*** Opening of Stored data ***

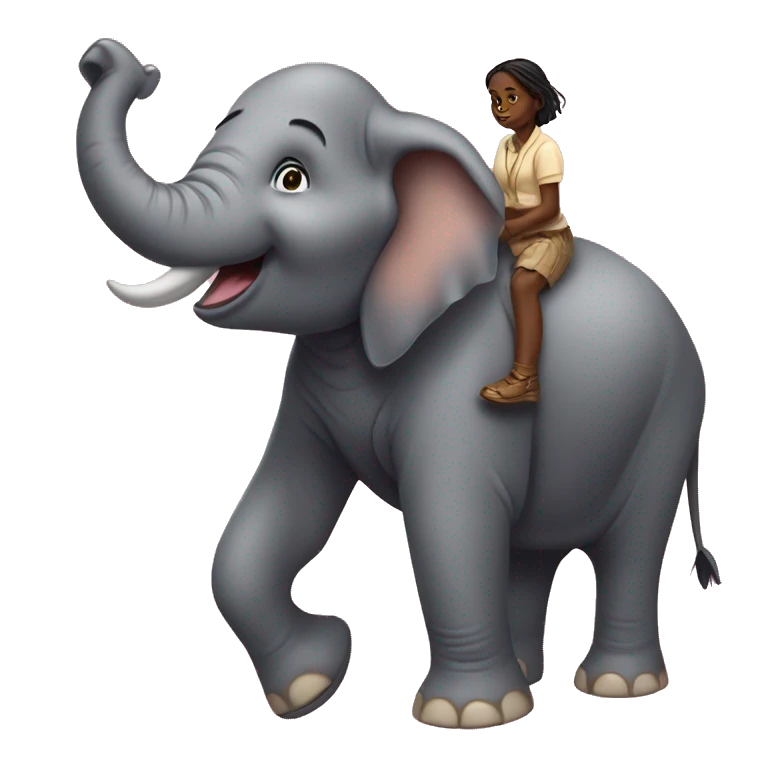 👩‍🦯         🐘       the girl riding the elephant  emoji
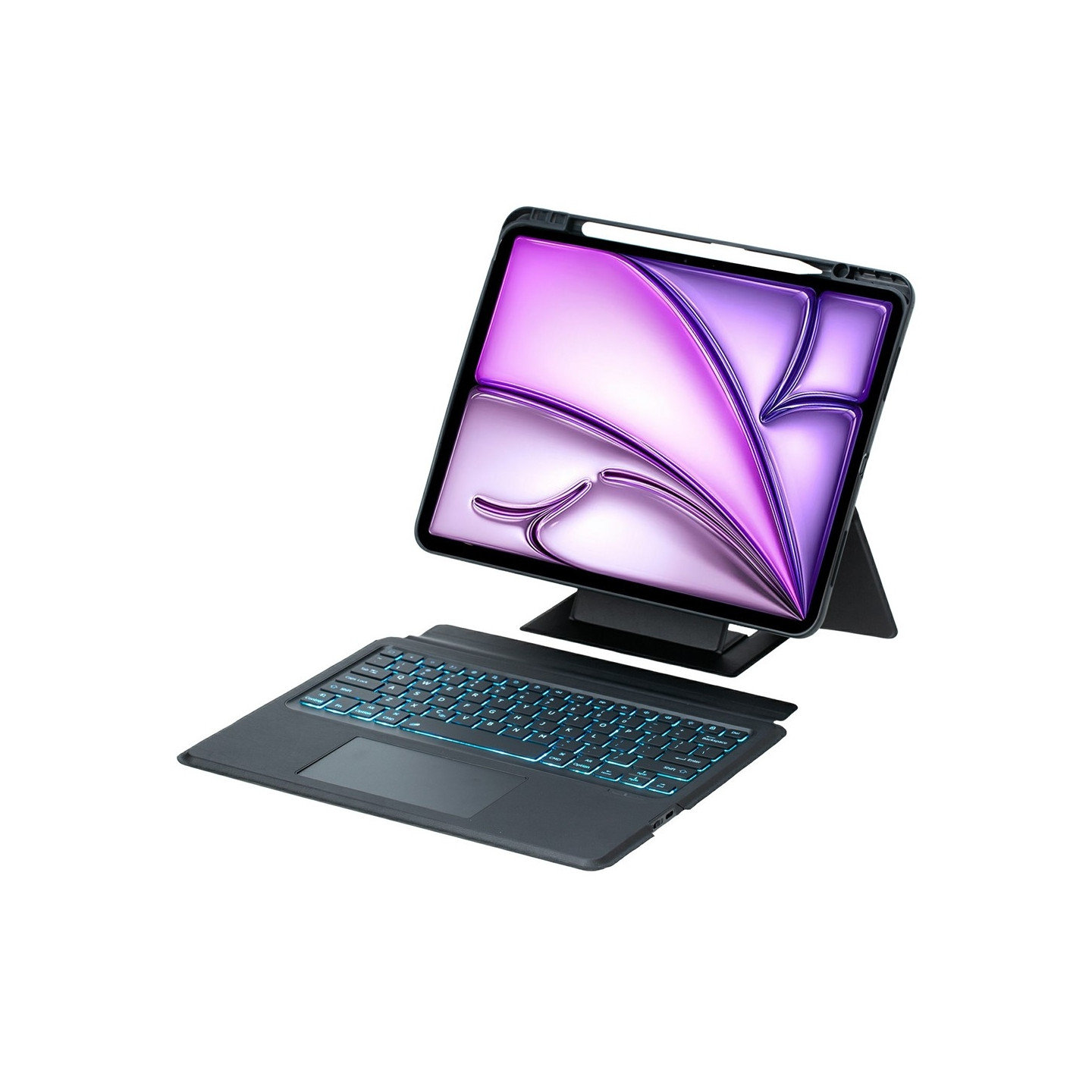 Bluetooth-tangentbord (US) för iPad Air 13 (2025) / (2024) / iPad Pro 12.9 (2022) / (2021) / (2020) / (2018) Stand Case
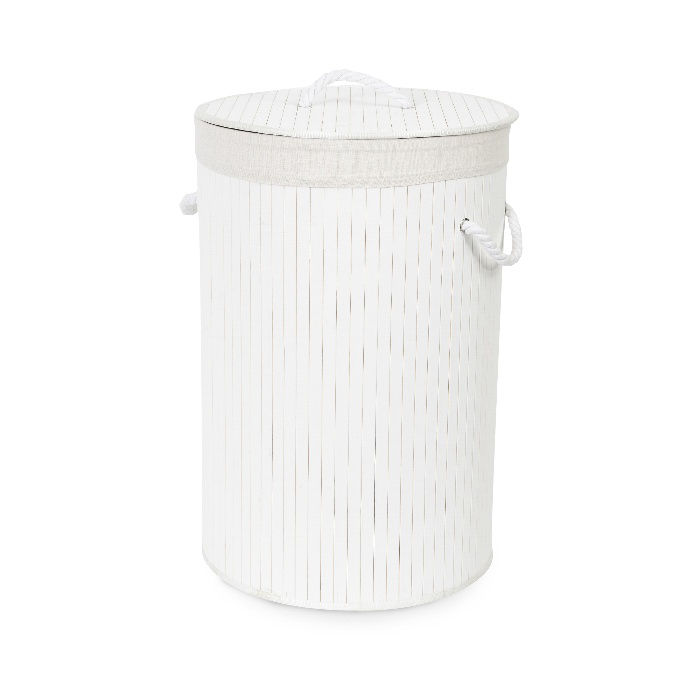 Panier à linge rond blanc "Bambou" 1 Compactor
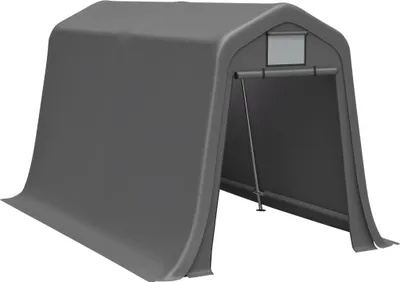 Obrázok produktu pre Prístrešok na bicykle – skladovací stan – 3,66 × 2,13 × 2,25 m – 201T polyester – železná konštrukcia – vodotesný – odolný voči vetru – sivý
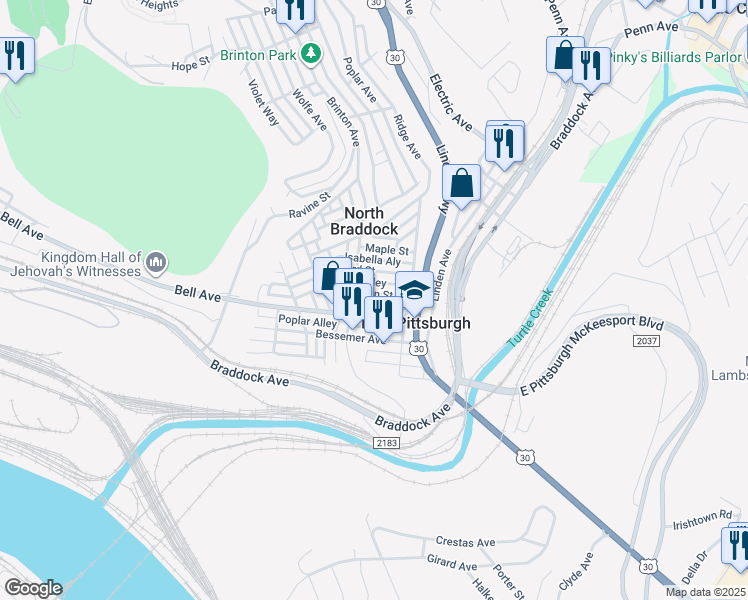 map of restaurants, bars, coffee shops, grocery stores, and more near 516 Franklin Street in East Pittsburgh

*** Close of Stored data ***

§ **Exercise goal**
Each line above should be printed again exactly, though the pictures should not be.

§ **Solution for this exercise**
 👩‍🦯         🐘       the girl riding the elephant  emoji
 Bluetooth-tangentbord (US) för iPad Air 13 (2025) / (2024) / iPad Pro 12.9 (2022) / (2021) / (2020) / (2018) Stand Case
 Panier à linge rond blanc "Bambou" 1 Compactor
 Obrázok produktu pre Prístrešok na bicykle – skladovací stan – 3,66 × 2,13 × 2,25 m – 201T polyester – železná konštrukcia – vodotesný – odolný voči vetru – sivý
 map of restaurants, bars, coffee shops, grocery stores, and more near 516 Franklin Street in East Pittsburgh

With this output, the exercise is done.